Se volete ammirarla anche voi avete tempo fino a domenica 3 novembre. La trovate esposta al Museo di Arte Orientale di Venezia, Sestiere S. Croce 2076. Il museo si trova al terzo piano a Ca’ Pesaro, insieme alla Galleria Internazionale di Arte Moderna. Il biglietto è unico e l’orario di visita è dalle 10.00 alle 18.00. Dalla stazione dista una quindicina di minuti a piedi, cercatevi Ca’ Pesaro su google maps, non è difficile da raggiungere.

ingresso Ca' Pesaro

ingresso Ca’ Pesaro

La visita della mostra e del museo vi prenderanno non più di due ore e avrete poi tutto il tempo di godervi un pomeriggio veneziano. Se andate di sabato, vi consiglio di mangiare al mercato del pesce, vicino al Ponte di Rialto. Con 8 euro vi daranno un piatto di frittura di pesce di giornata e un calice di prosecco. Delizioso!

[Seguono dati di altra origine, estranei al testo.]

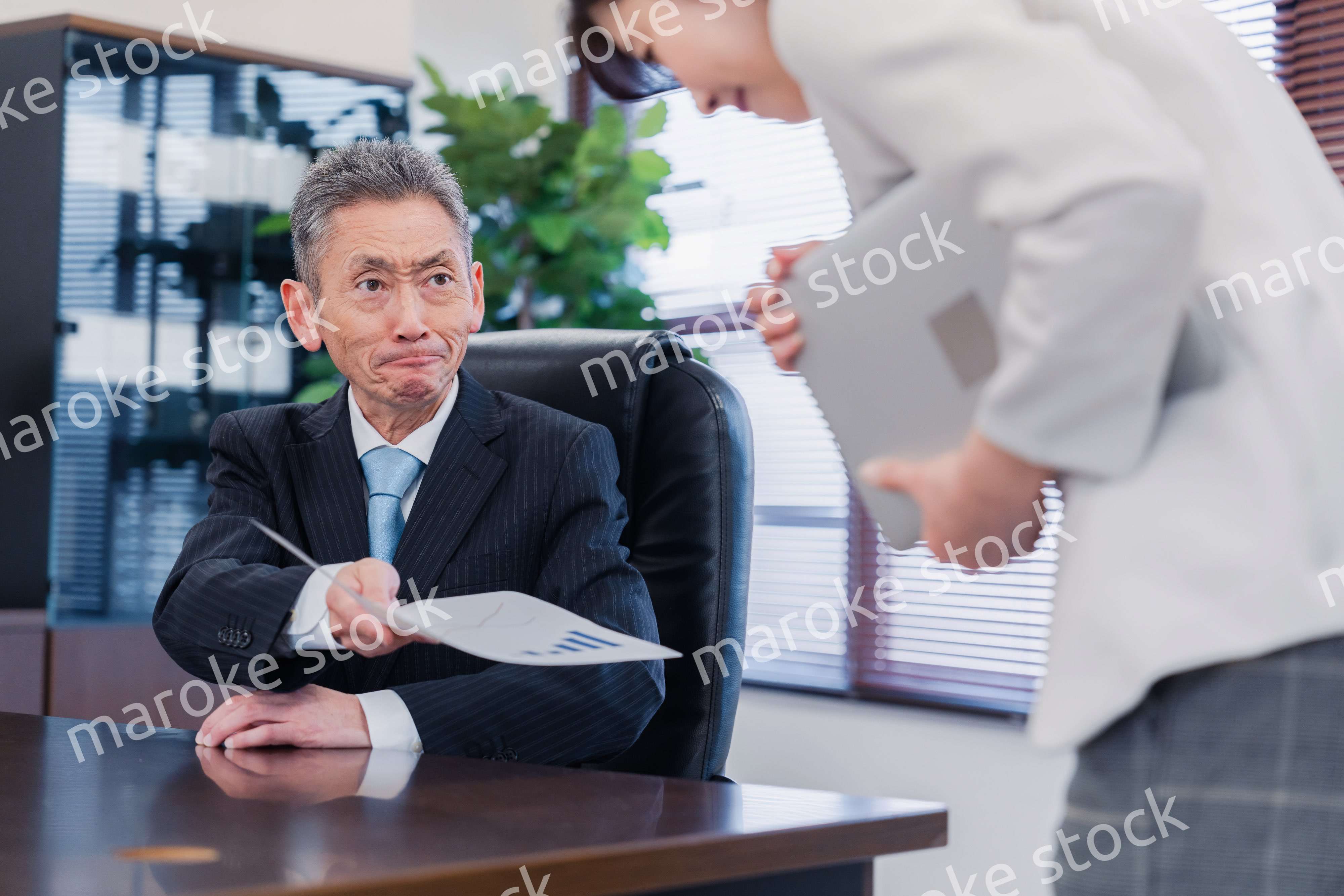 書類を突き返す会社役員の男性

Sazi e leggermente brilli lasciatevi perdere tra campi e calli. Per quanto sia una città turistica, Venezia sa mostrarci ogni volta nuovi piccoli tesori, basta affidarsi all’istinto e lasciare i percorsi segnati, ingombri di persone e cianfrusaglie.

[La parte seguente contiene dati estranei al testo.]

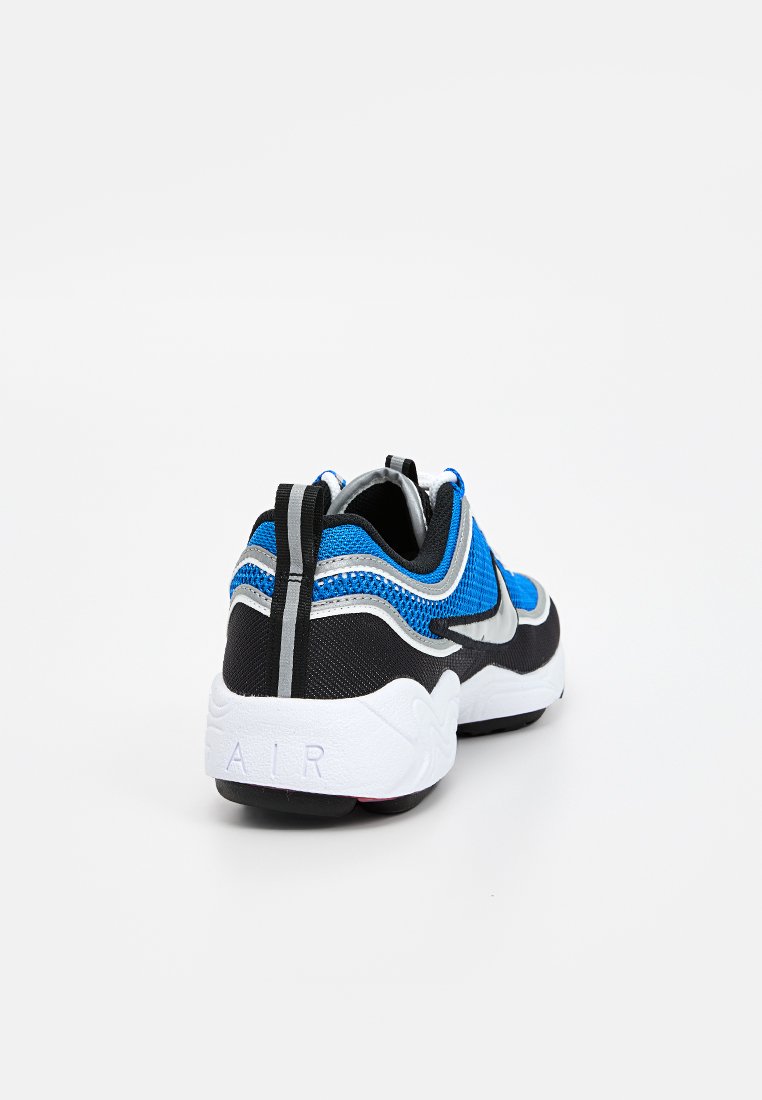 Zapatilla deportiva negra y azul con parte superior de malla, cuello acolchado y suela texturizada. Cuenta con una entresuela blanca con la palabra 'AIR' en relieve en el talón.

Ricordatevi però di indossare un paio di scarpe comode perchè la Serenissima non perdona e vi vieto severamente di togliervi le calzature sul treno del ritorno!

Volete sapere qualcosa in più della mostra? Leggete qui. L’esposizione vera e propria occupa solo una stanza del museo e, sorpresa, la grande onda in realtà… è piccola, solo trenta centimetri di lato. La stessa sorpresa l’ho avuta quando ho visto La ragazza con l’orecchino di perla di Vermeer: è minuscola. Eppure la potenza che esprimono queste opere d’arte è straordinaria, un concentrato di energia.

La collezione permanente del Museo di Arte Orientale è veramente bella: sono rimasta affascinata dalla ricca collezione giapponese, una delle più importanti a livello europeo del periodo Edo. Armature da parata, spade, ceramiche, stampe, lacche, piccoli oggetti preziosi e raffinati.  C’erano almeno una decina di pezzi esposti che mi sarei portata volentieri a casa. Prossimi obiettivi? Acquistare un poster della grande onda da mettere in camera e trovare una riproduzione delle 36 vedute del monte Fuji di Hokusai: me ne sono innamorata. Come sempre quando si parla di Giappone.